# Changing LAN IP addresses and Tivo



## PhilG (Jan 15, 2002)

I need to change my LAN IP address range from 192.168.0.xxx to 192.168.2.xxx. I know how o do most of it, including the nic_config_tivo change to update the Tivo IP address, but don't I also need to do something to tell Tivo what the gateway address is?

A long time ago when I first set up my network, I seem to remember something about a "route.tivo add blah blah blah" command. Do I need to do another one of those?

My plan would be

1. Change nic_config_tivo to the new IP details
2. Do the route.tivo command (if needed)
3. Change my router, DHCP and port forwarding settings
4. Reboot Tivo

and I think that'd be it?

Phil G


----------



## Raisltin Majere (Mar 13, 2004)

You set the gateway address in nic_config_tivo. and reboot. I'm not aware of any other step needed.


----------



## mikerr (Jun 2, 2005)

Personally I'd check it all looks right in /etc/rc.d/rc.net before rebooting:


> bash-2.02# cat /etc/rc.d/rc.net
> 
> #
> #!/bin/sh
> ...


----------



## threadkiller (Dec 12, 2002)

early net_config had a bug whereby you had to edit / run a second command to update the gateway address as net_config didn't. this was resolved in later versions


----------



## PhilG (Jan 15, 2002)

threadkiller said:


> early net_config had a bug whereby you had to edit / run a second command to update the gateway address as net_config didn't. this was resolved in later versions


 

OK, so how do I know which version I have ??


----------



## threadkiller (Dec 12, 2002)

PhilG said:


> OK, so how do I know which version I have ??
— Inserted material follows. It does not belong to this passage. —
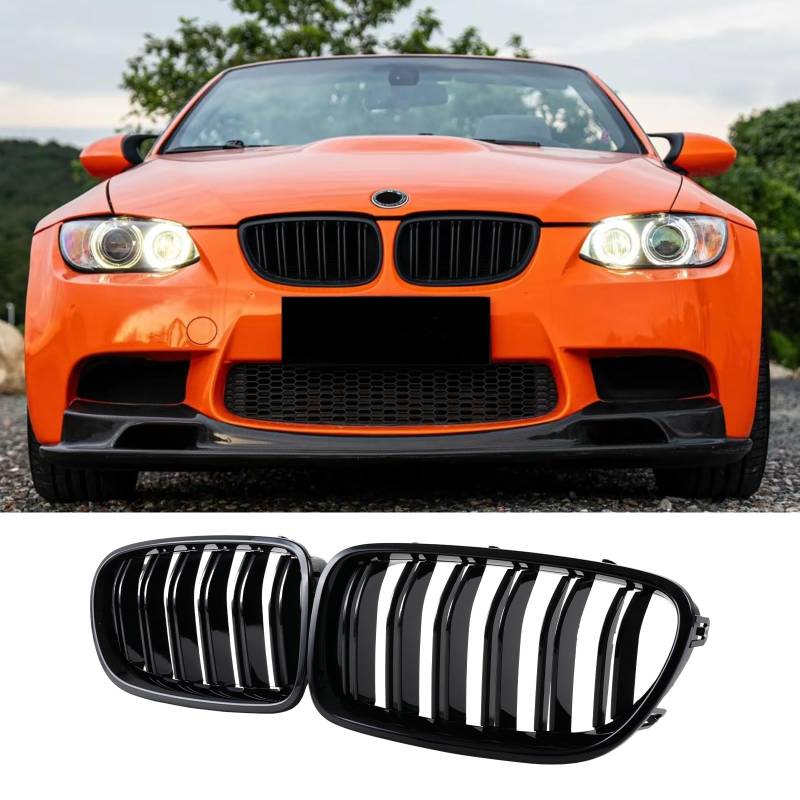 Hengjiayao E92 E93 Kühlergrill für BMW 3er E92 E93 nieren schwarz Facelift Nieren Coupe E92 E93 M3 Doppelsteg Glanz Schwarz 3er Grill 2006-2009 Kühlergrill Vorne (For 3er E92 2006-2009) von Hengjiayao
use nic_config as you would normally, then try again, see whats changed. if your gateway hasn't then you may need to edit manually


----------



## PhilG (Jan 15, 2002)

Still been putting this off (I don't like messing with things that are working in case they stop!!)

When I first added Tico to my network, I needed to do a



> route.tivo add -net 0.0.0.0 netmask 0.0.0.0 gw 192.168.0.1 dev eth1


 or something similar

That's the bit that has me worried - I have no idea what it was for apart from the fact that Tivoweb didn't work before I issued the command and did work afterwards


----------



## mikerr (Jun 2, 2005)

Yes, that's the "extra command" threadkiller referred to.

If you look at my post above, rc.net is the file that nic_config_tivo actually edits 
tivo runs rc,net on startup to setup networking,
so check its right before rebooting.


----------



## PhilG (Jan 15, 2002)

Understood

Thanks


----------